More Reading

Max Sebald’s Writing Tips

Sarah Marty-Schlipf – “The Stone of Help

Catherine Bennett – “Sharon Olds’s silence is golden in an era of endless media exposure

Bennett mentions Rachel Cusk as a counterpoint, which led me to this 2009 interview:

Lynn Barber – Rachel Cusk: A fine contempt

“…probably the most fundamental and important thing to me has been defending my right to tell the truth about how I feel. When I started writing books, my parents found that very difficult because writing was equivalent to emotion in their minds.”

Her early novels, she believes, were inhibited by “having my parents sitting on my shoulder, judging everything, and me trying to conceal what I was doing”.

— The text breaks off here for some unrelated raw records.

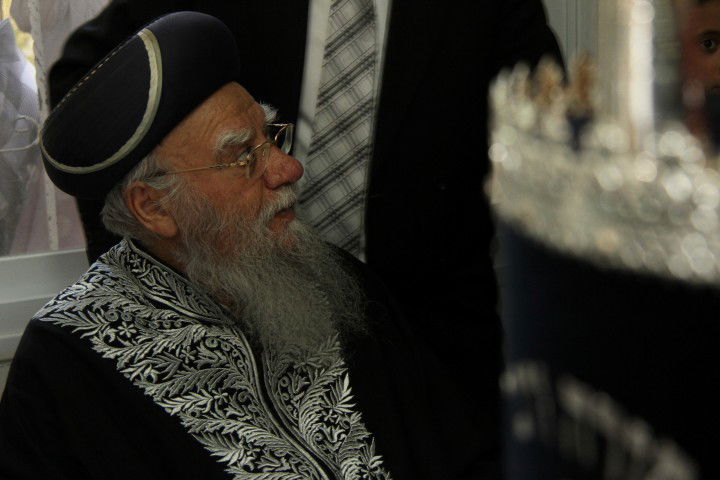 גלריה: הראשון לציון הרב בקשי דורון חגג עם ספר התורה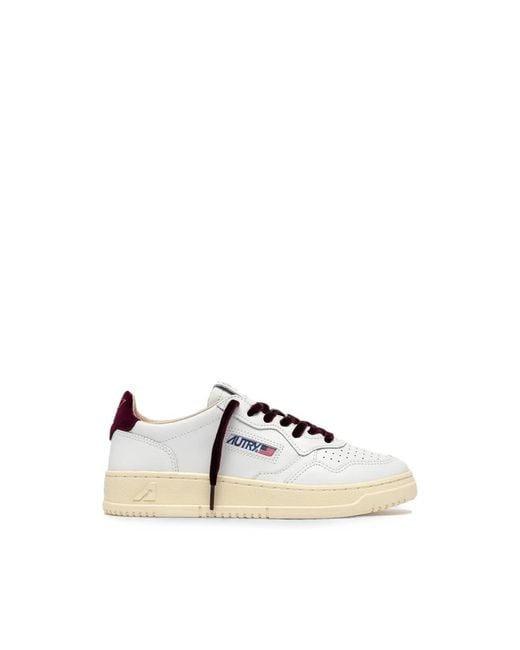 Autry Natural Medalist Low-Top Sneakers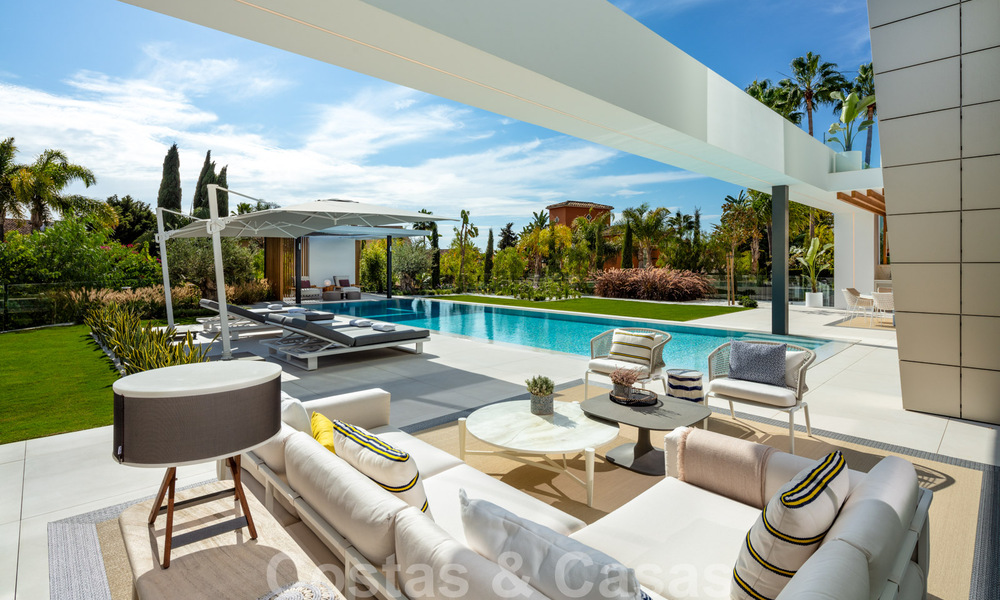 Prête à emménager, nouvelle villa de conception moderne à vendre dans une urbanisation en bord de mer très recherchée, juste à l'est du centre de Marbella 37568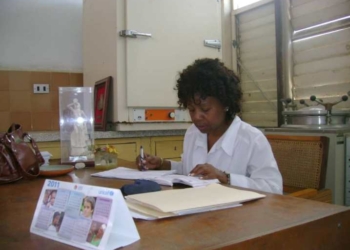 “Coltivo una rosa bianca”: Anselma e i medici cubani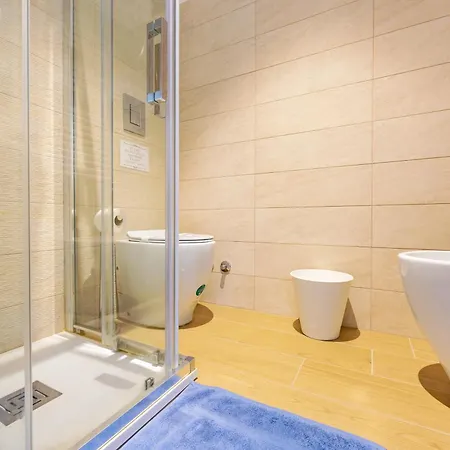 Luminosa Con Bagno Privato Interno - Vicina Metro Roma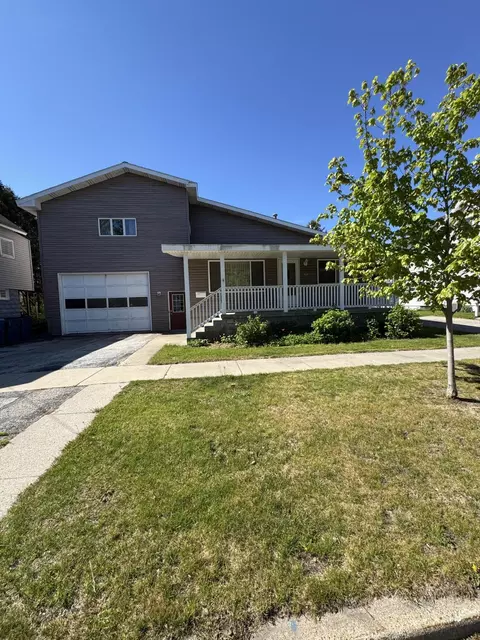 219 2nd Ave, Manistee, MI 49660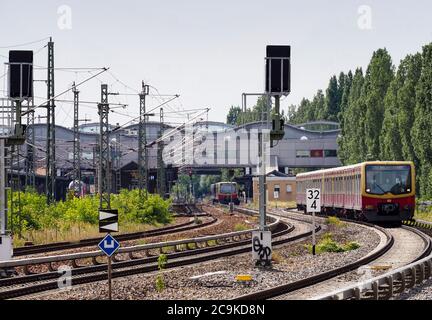 Potsdam, Deutschland. Juli 2020. Eine S-Bahn der Linie S7 verlässt den Hauptbahnhof in Richtung Berlin Ahrensfelde. Quelle: Soeren Stache/dpa-Zentralbild/ZB/dpa/Alamy Live News Stockfoto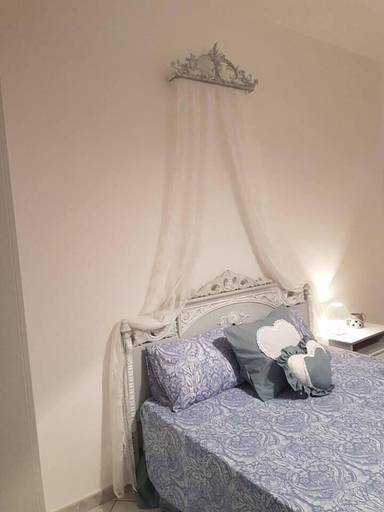 Bedroom 3, B&B Le Rose, Salerno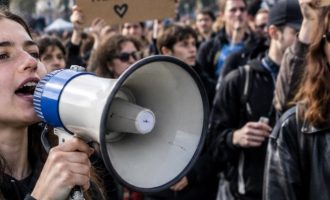 Evropa na ulicama: Gotovo 1.000 ljudi uhapšeno u Francuskoj. Eskalacija u Tirani, neredi i u Italiji i Briselu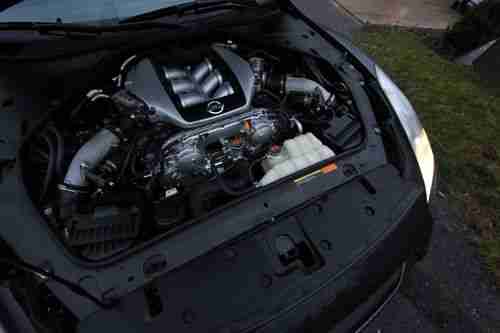 2010 Nissan GT-R BLACK Low Miles $1000s in upgrades Excellent Condition!, image 6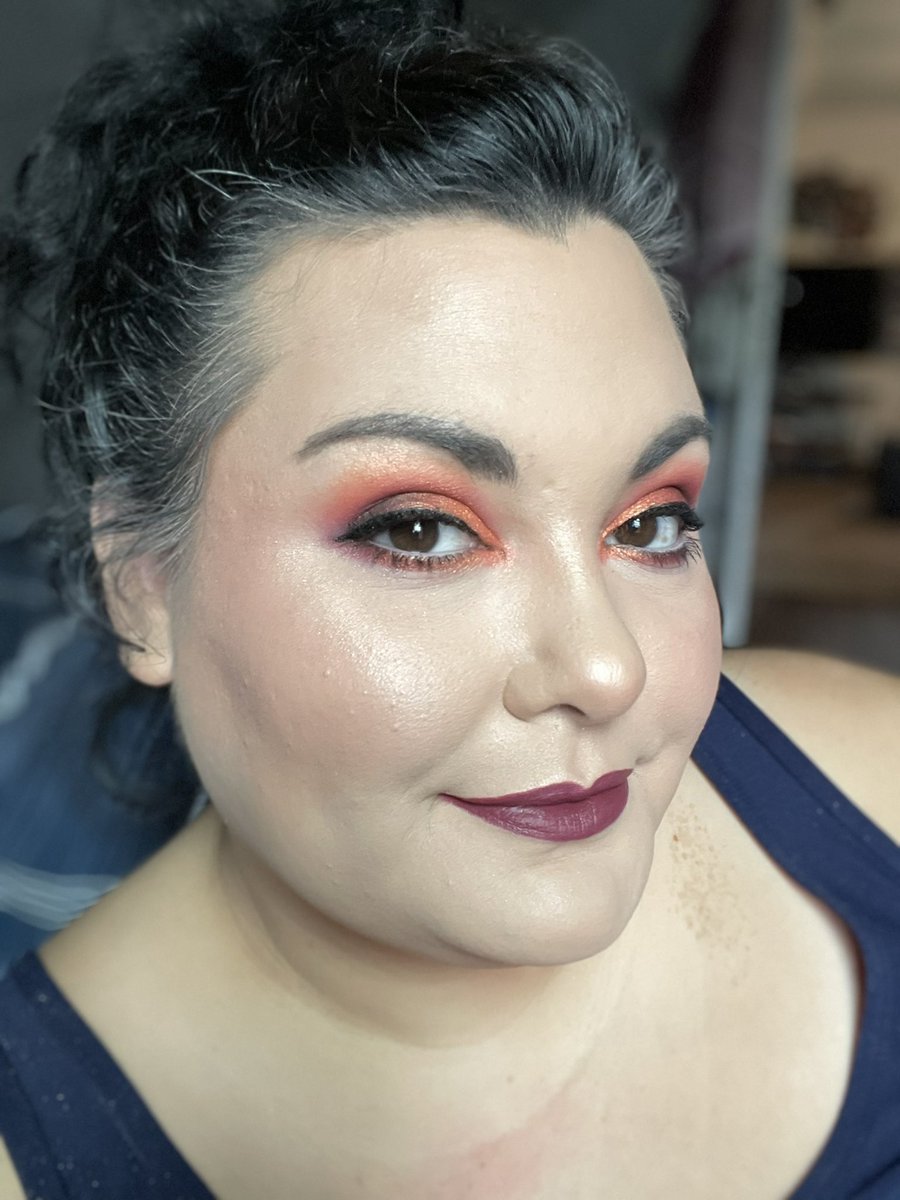ChantalTwang's tweet photo. Fall vibing! Used my eternal liner, red brick road lip liner and Brigitte highlight from @GerardCosmetics to create this look! ♥️ #GCprsearch #gerardcosmetics #fall #31NightsOfHalloween https://t.co/OuloXcTdYv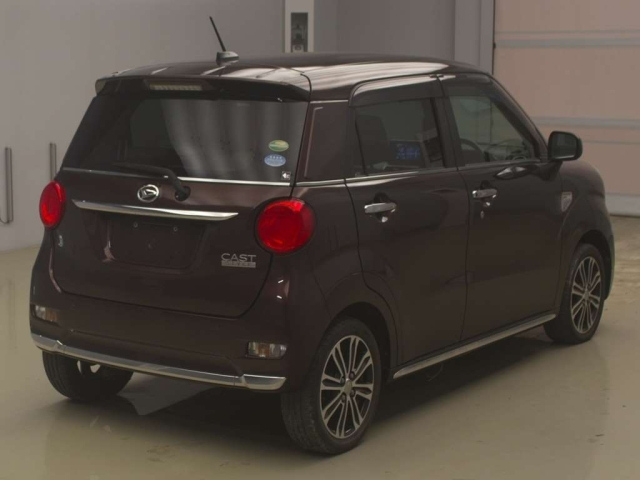 DAIHATSU CAST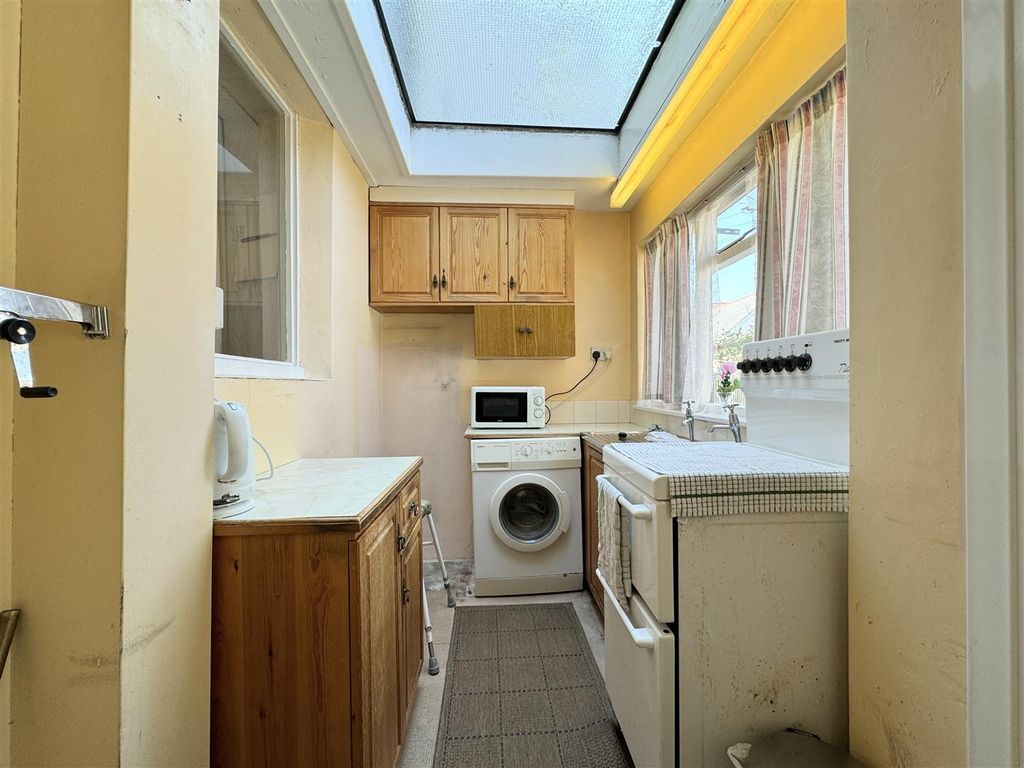 Property photo 3 of 13 Kitchen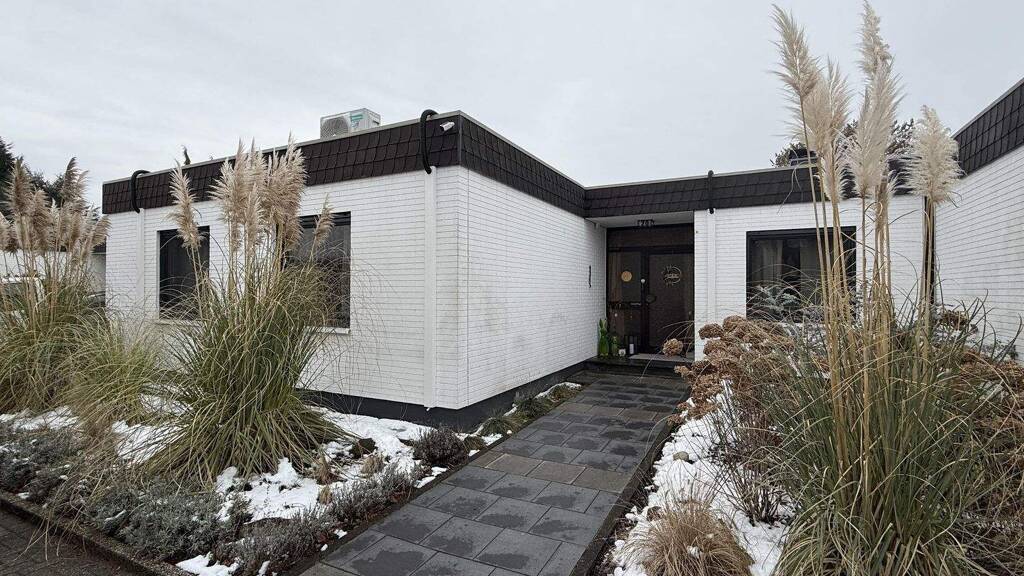 Bungalow zum Kauf 450.000 € 4 Zimmer 124 m² 392 m² Grundstück frei ab sofort Westerholt Herten 45701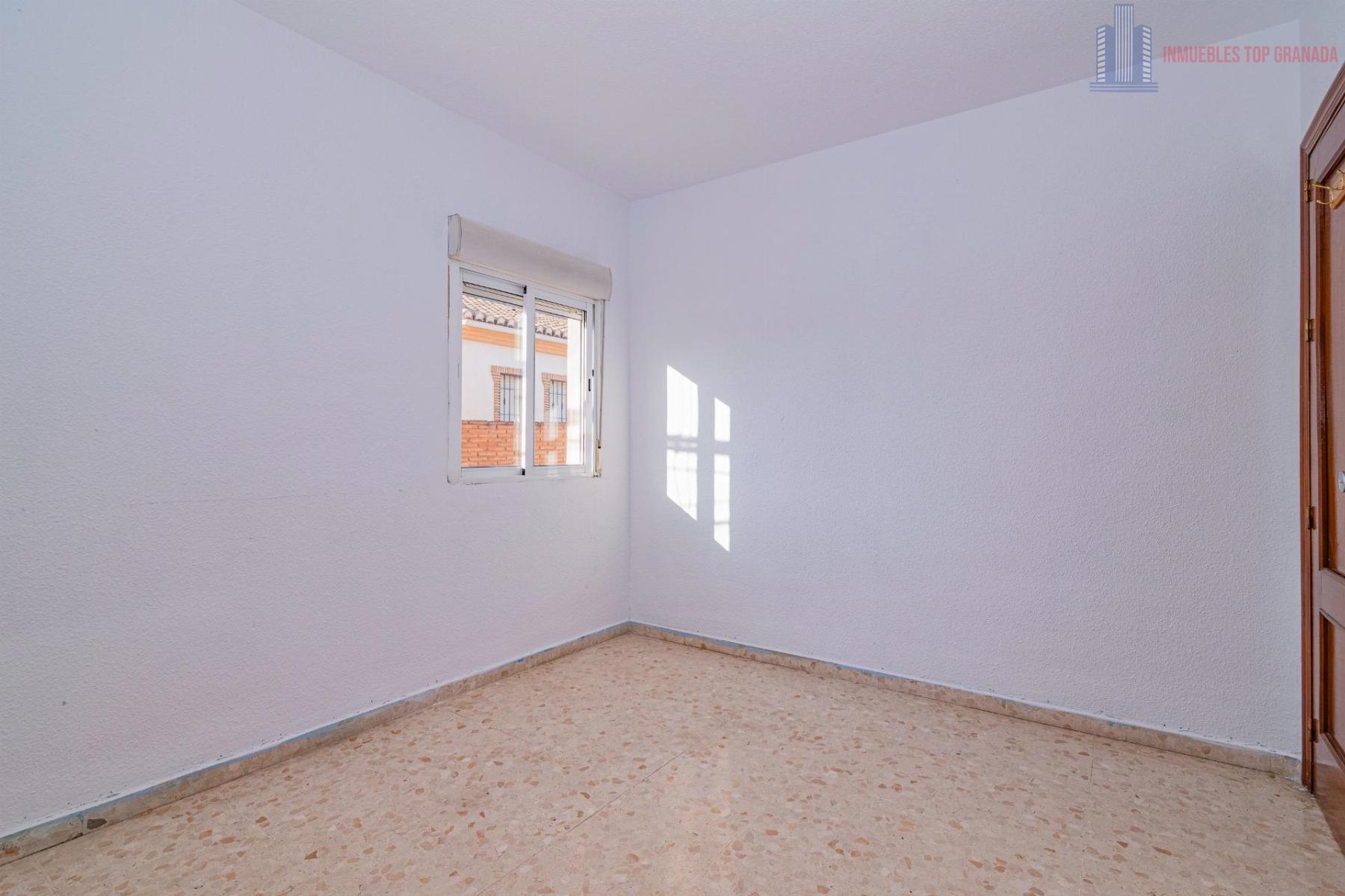 Venta de casa en Alhendín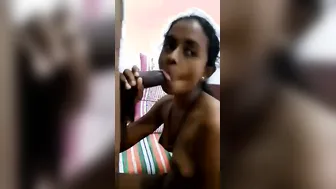Cute Lankan Babe Deepthroating Lover's Veiny Desi Cock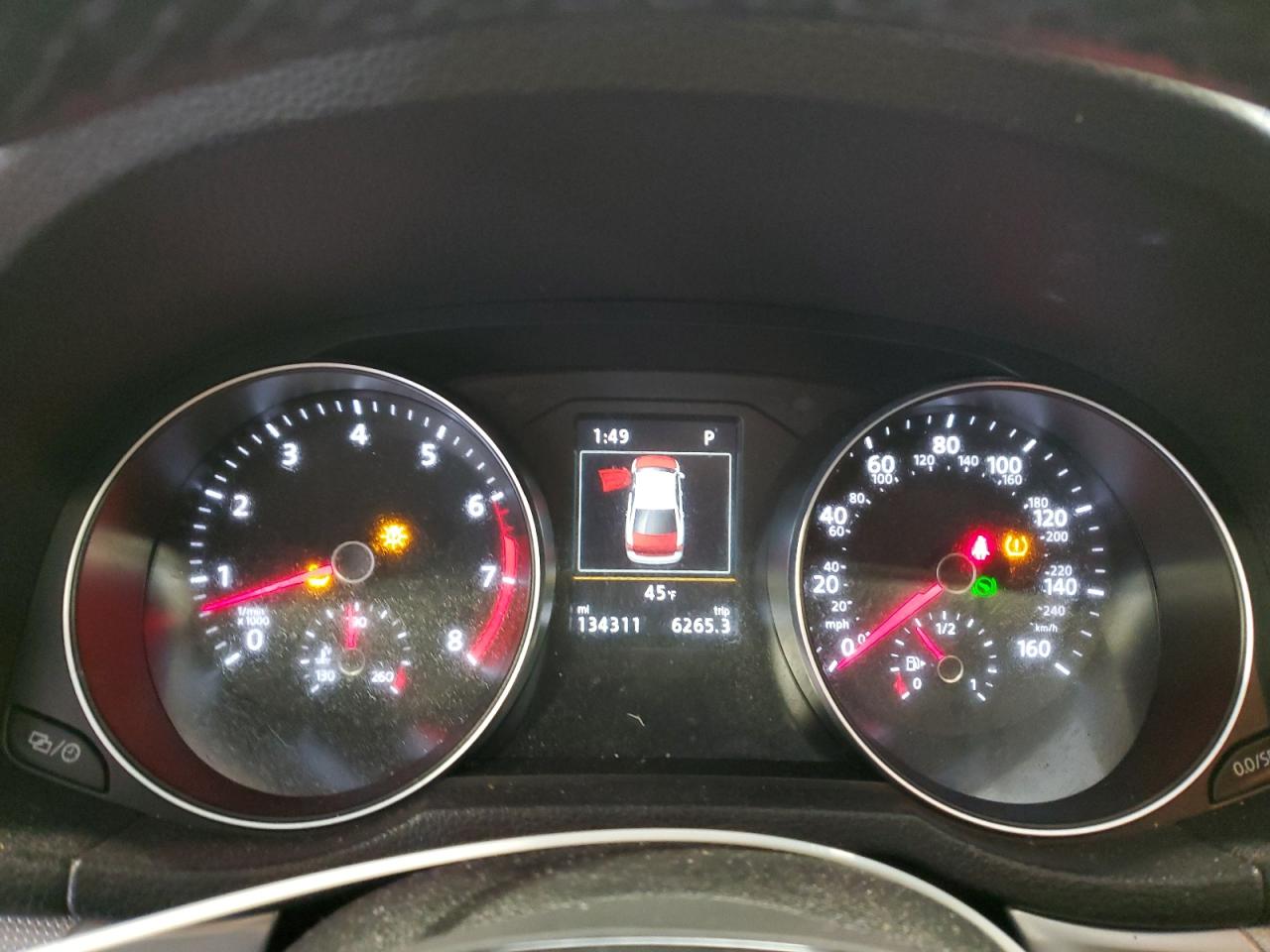 2019 Volkswagen Passat - Image 9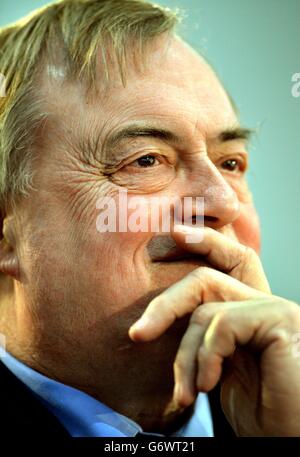 Der ehemalige stellvertretende Vorsitzende John Prescott hört einem Redner im Excel Center in Docklands im Osten Londons während einer Sonderkonferenz über Reformen der Labour Party zu. Stockfoto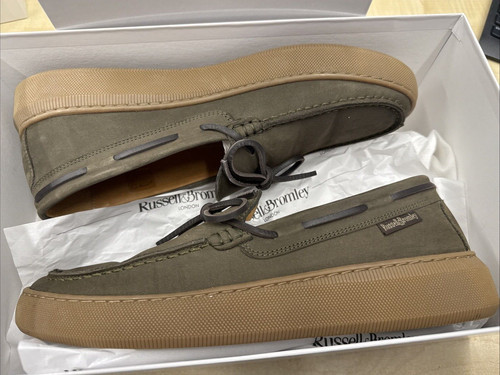 Russell bromley on - russell,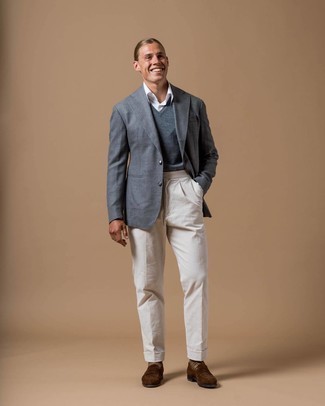 Grauen Pullunder kombinieren – 129 Herren Outfits: Tragen Sie einen grauen Pullunder und eine weiße Anzughose, um vor Klasse und Perfektion zu strotzen. Braune Wildleder Slipper leihen Originalität zu einem klassischen Look.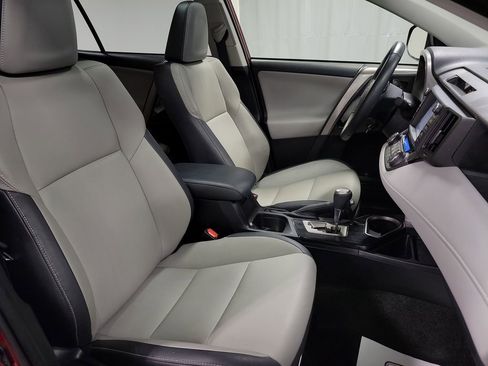 Used 2018 Toyota RAV4 Limited image 25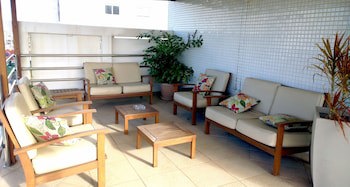 Malibu Plaza Hotel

Cusk then goes on to say that (because of her writing) she’s now basically estranged from her family. So there’s that.

Aside: I didn’t know Rachel Cusk was Canadian-by-birth:

[I]t’s because of my peripatetic childhood, I guess. I was born in Canada, but was still a baby when we moved to America and we moved twice in America, then came back to England and moved a few times.

I quite like the phrase “peripatetic childhood.” I think I shall have to steal that.

4: Mourning Diary

Mourning DiaryMourning Diary by Roland Barthes

My rating: 3 of 5 stars

Consists of the notes Roland Barthes took after the death of his mother, Henriette. She was widowed (via WWI, that recurring theme) when he was a baby and they lived together most of his life. The notes are transcribed as they were written, one note to a page. There’s a center insert with family photographs and scans of a few of the diary notecards.

(Sidenote: I didn’t realize Barthes had a brother. Specifically, a younger half-brother (Michel) born out-of-wedlock to his mother when Barthes was 12ish. This info seems to be elided from his standard bio; it isn’t on his Wikipedia page. Kinda weird, because reading MD, it seems like they were pretty close. Makes Mme. Barthes seem more human, less martyr, too!)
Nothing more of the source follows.